Actuellement, il y a tellement de tensions que ce n'est pas le moment de rédiger une Constitution. Nous devons d'abord réfléchir à des réformes en profondeur, à commencer par le problème de la faim. Les politiciens manipulent les gens qui ont faim : ils leur donnent un peu à manger et continuent à les opprimer. Nous disons : « Pas de unga (la céréales qui constitue l'alimentation de base), pas de Constitution. » La majorité des pauvres a très faim, on ne peut pas écrire un texte fondamental dans ces conditions.
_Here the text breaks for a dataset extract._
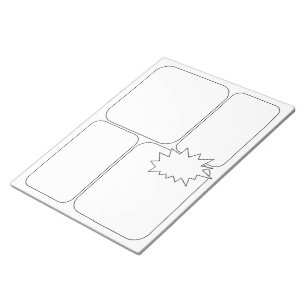 Draw Your Own Comics & Story - Blank Templates Notepad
Quelles sont vos autres revendications ?
Les élections. Elles ne sont plus du tout à l'ordre du jour parce que les Kényans ont eu trois élections générales, mais ils sont toujours divisés selon des clivages tribaux. Le chaos perdure et les déplacés intérieurs n'ont pas pu retourner chez eux.
Ensuite, il y a l'insécurité. Elle est toujours inacceptable. Mais le Président, qui est le commandant en chef, a refusé d'exercer le pouvoir que lui confère la Constitution. A cause de cette vacance, différents groupes et les « vigilantes » continuent à commettre des crimes et la police de s'adonner à des exécutions extrajudiciaires. Et le pays est menacé : par les pirates qui sévissent dans l'Océan indien, par la Somalie au Nord, et par l'Ouganda, qui pourrait nous envahir à tout moment, à l'Ouest. Nous devons mettre sur pied un appareil sécuritaire important pour désarmer les gangs.
Finalement, il y a la réforme du pays. Nous avons perdu confiance dans les institutions de gouvernance et dans la démocratie. Nous ne croyons plus au parlement, au gouvernement et au pouvoir judiciaire. Les deux leaders doivent résoudre ce problème de confiance et mettre en place une commission électorale pour superviser les élections.
Ces cinq questions sont essentielles. Le Kenya a été fortement tribalisé par les deux chefs. Ils n'ont rien fait pour panser les plaies de la nation, alors qu'ils sont responsables de la réconciliation. Ils doivent détribaliser le pays.